= YOUR INSTRUCTIONS =
The reply is to be the lines from the one with "Daniele-Blue Regular Fit Jeans" through the last line of the records below, each retyped exactly, with pictures left out.

= MATERIAL FOR THIS TASK =
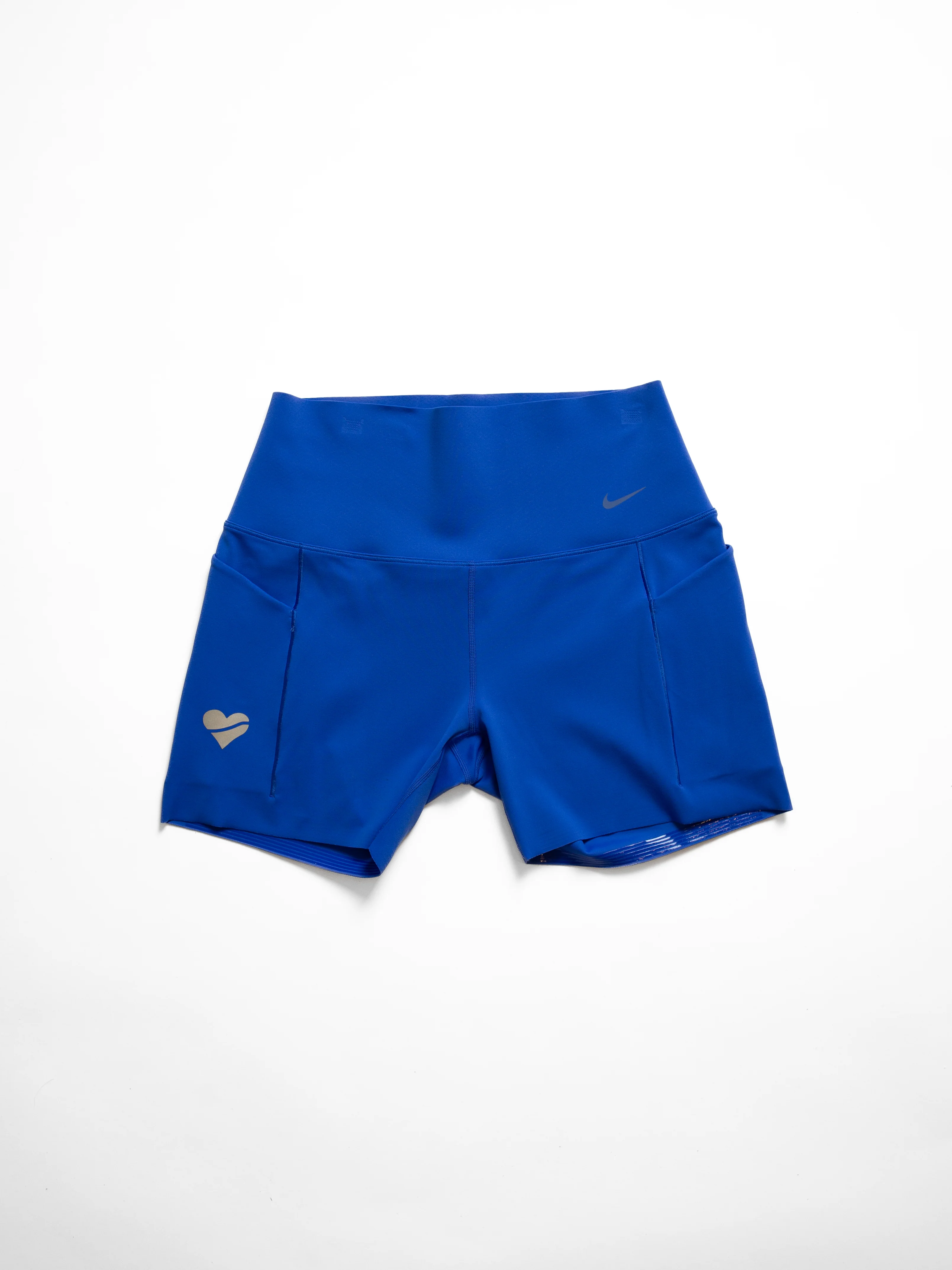 Nike Women's Universa Medium-Support High-Waisted 5" Biker Shorts - Image 5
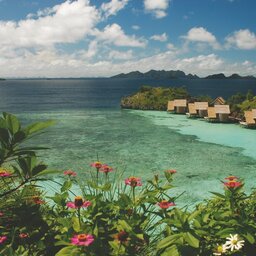 Indonesië-Misool-Misool-Resort-Hutjes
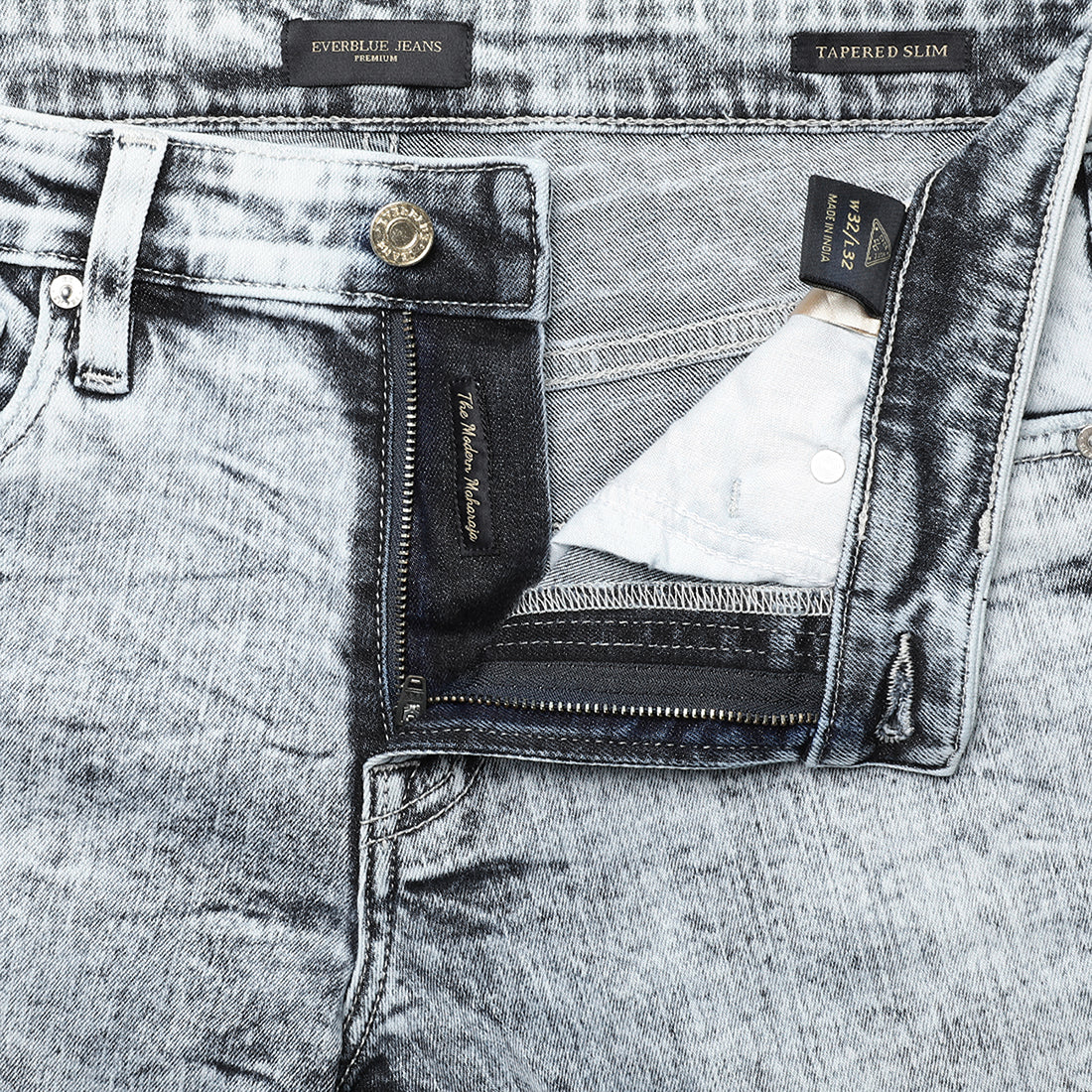 Daniele-Blue Regular Fit Jeans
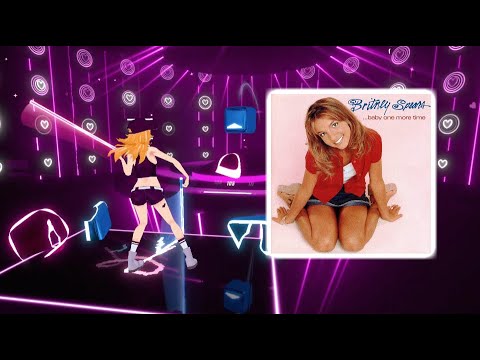 【DLC】Beat Saber - Britney Spears - …Baby One More Time [FullBodyTracking]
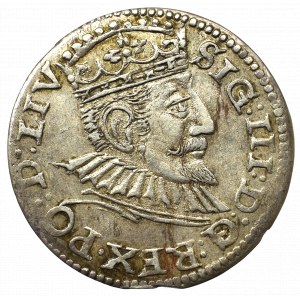 Sigismund III, 3 groschen 1594, Riga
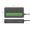 奥睿科（ORICO）DST-4A5U 智能USB充电插座多功能排插/插排带支架功能防雷抗浪涌插线板/接线板 1.5米 黑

= ANSWER FOR THIS EXERCISE =
 Daniele-Blue Regular Fit Jeans
 【DLC】Beat Saber - Britney Spears - …Baby One More Time [FullBodyTracking]
 Sigismund III, 3 groschen 1594, Riga
 奥睿科（ORICO）DST-4A5U 智能USB充电插座多功能排插/插排带支架功能防雷抗浪涌插线板/接线板 1.5米 黑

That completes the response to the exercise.